学芸員エッセイ その7 「ぜんざい屋事件」

ぜんざい屋事件

 昨年の12月、筆者は東京都内にある新選組をモチーフとした飲食店に行ってきた。来店にあたり、「新選組についても知っておかねば」と思ったので、入門書のような本で基礎から調べ直した。龍馬についてはいろいろな文献に目を通したが、新選組に関しては今まであまり関心がなかったのである。
 新選組と言えば、言わずと知れた幕末の京都において治安維持のために活躍した組織である。幕府に忠義を尽くして戦ったその生き様は、今でも小説やドラマ、漫画などで衰えぬ人気を誇っている。それらの作品の中では、近藤勇、土方歳三、沖田総司、斎藤一らが超人的に、あるいは美形に描かれている場合も多い。

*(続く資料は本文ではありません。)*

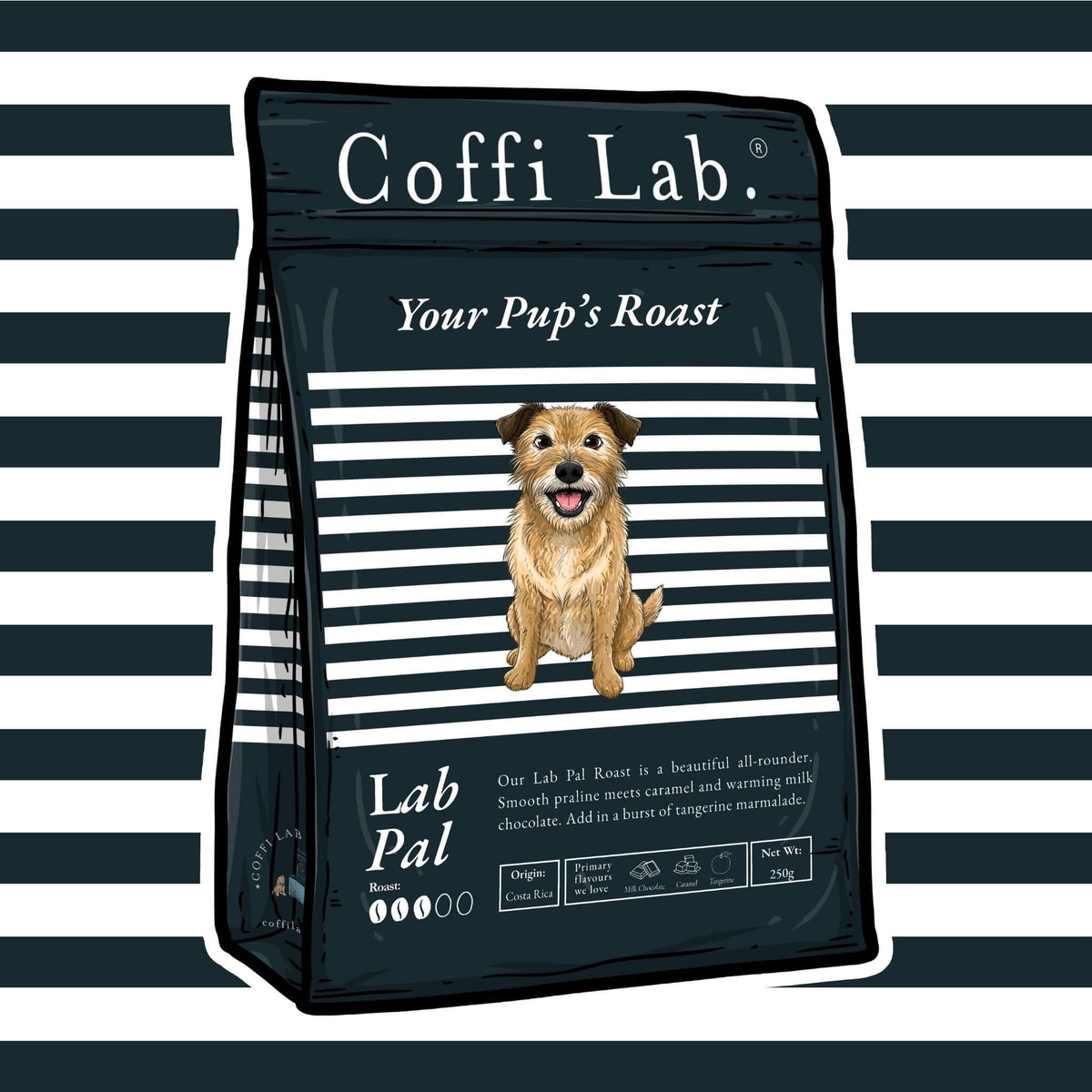 Lab Pal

 さて、龍馬が生まれた高知城下・上町出身の人物の中に、その新選組に討たれた人物がいることをご存知だろうか。上町の本丁筋に生まれ、後に土佐勤王党員となった大利鼎吉(おおり・ていきち)である。今年は、その大利が闘死した「ぜんざい屋事件」が起こって150年に当たる。
 事件は、慶応元年1月8日(新暦で1865年2月3日)に起こった。この頃、倒幕を画策して大坂に潜伏していた土佐勤王党は、ある計画を立てていた。それは、「大坂の市街地に火を放ち、その混乱に乗じて大坂城を乗っ取る」というものであった。勤王党のメンバーは大利、田中光顕(後の宮内大臣)らで、石蔵屋というぜんざいを提供する甘味処をアジトとしていたのである。
 大利らの計画を知った新選組は、この日、石蔵屋を襲撃する。その時、店内にいたのは大利と店主だけであり、他のメンバーは外出中であった。店主は脱出に成功したが、大利は激戦の末に殺害された。この時の新選組のメンバーは、谷三十郎・万太郎の兄弟と正木直太郎、高野十郎である。三十郎は、新選組七番隊のリーダーとしても知られる人物で、池田屋事件などでも活躍した。万太郎は、この事件後、新たに設置された大坂屯所で隊長を務めることとなる。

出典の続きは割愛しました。